*Data records*
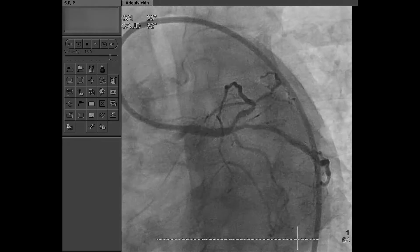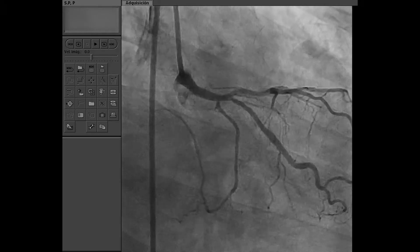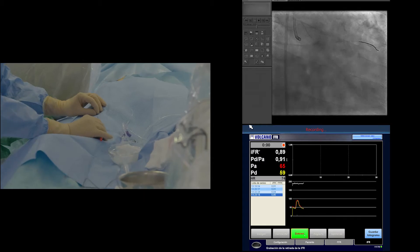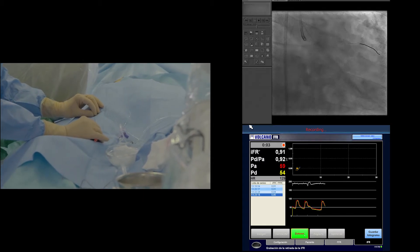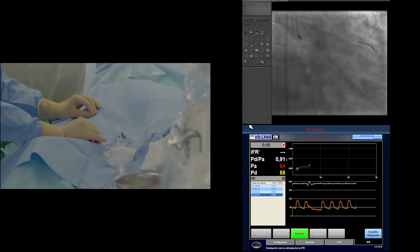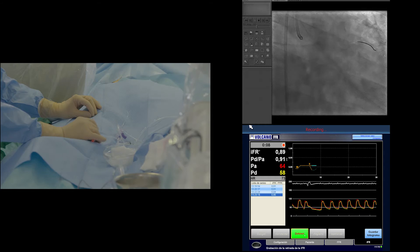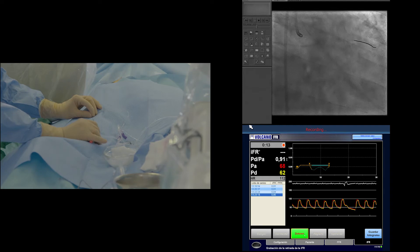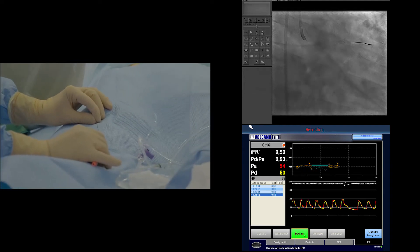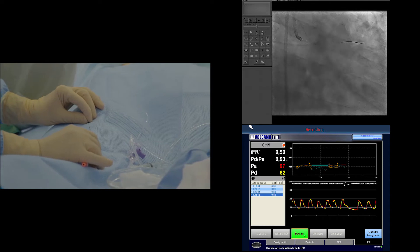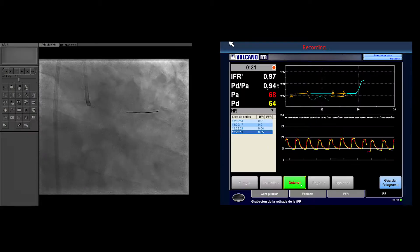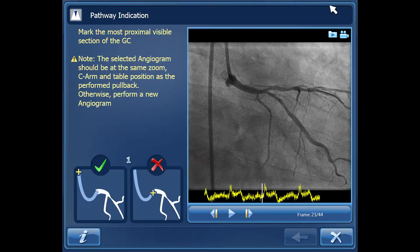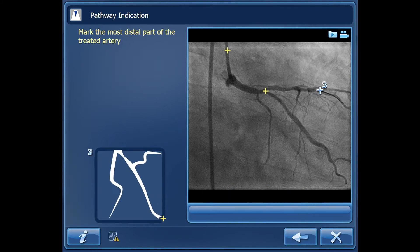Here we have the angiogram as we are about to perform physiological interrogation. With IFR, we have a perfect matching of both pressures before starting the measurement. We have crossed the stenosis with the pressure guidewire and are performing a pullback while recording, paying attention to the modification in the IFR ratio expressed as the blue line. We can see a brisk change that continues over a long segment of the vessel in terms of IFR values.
* * *
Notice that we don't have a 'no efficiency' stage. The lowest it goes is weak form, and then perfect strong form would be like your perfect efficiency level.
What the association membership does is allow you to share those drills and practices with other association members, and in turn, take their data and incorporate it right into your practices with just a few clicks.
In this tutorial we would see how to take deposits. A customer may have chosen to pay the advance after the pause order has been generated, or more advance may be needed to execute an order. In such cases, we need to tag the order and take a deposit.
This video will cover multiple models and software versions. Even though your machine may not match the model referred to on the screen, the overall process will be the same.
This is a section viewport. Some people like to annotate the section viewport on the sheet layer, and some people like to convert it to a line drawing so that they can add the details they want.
==
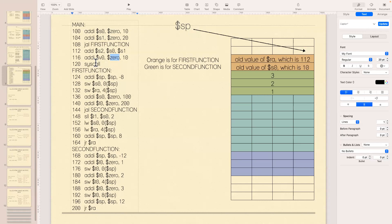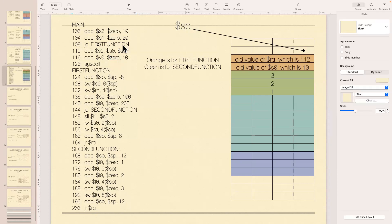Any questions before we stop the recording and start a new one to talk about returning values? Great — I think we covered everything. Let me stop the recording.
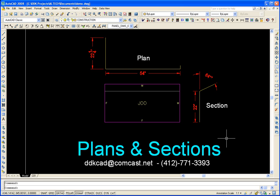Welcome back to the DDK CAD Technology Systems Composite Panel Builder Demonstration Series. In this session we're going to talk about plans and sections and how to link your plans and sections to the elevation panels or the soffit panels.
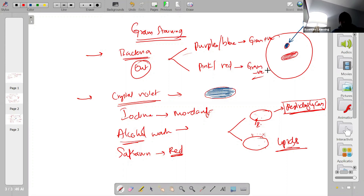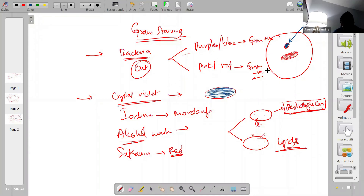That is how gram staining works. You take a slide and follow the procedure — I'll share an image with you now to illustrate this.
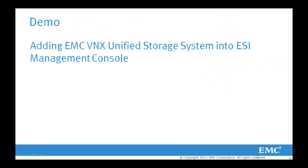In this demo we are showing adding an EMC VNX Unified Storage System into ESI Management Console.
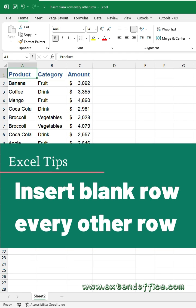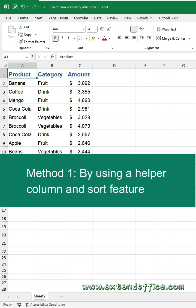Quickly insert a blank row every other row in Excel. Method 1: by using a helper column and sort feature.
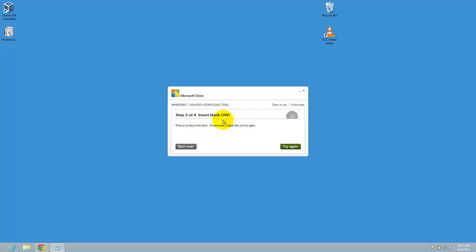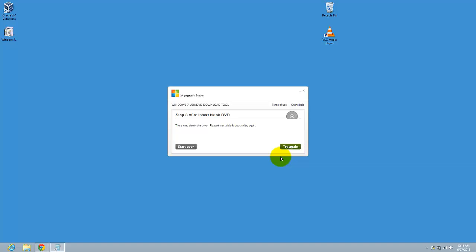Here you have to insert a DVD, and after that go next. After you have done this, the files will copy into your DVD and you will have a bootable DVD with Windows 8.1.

*The problem*
The expected output is the lines above from the one containing "That is how" to the one containing "Here you have", both ends included, reproduced exactly with every picture left out.

*Response*
That is how gram staining works. You take a slide and follow the procedure — I'll share an image with you now to illustrate this.
In this demo we are showing adding an EMC VNX Unified Storage System into ESI Management Console.
Quickly insert a blank row every other row in Excel. Method 1: by using a helper column and sort feature.
Here you have to insert a DVD, and after that go next. After you have done this, the files will copy into your DVD and you will have a bootable DVD with Windows 8.1.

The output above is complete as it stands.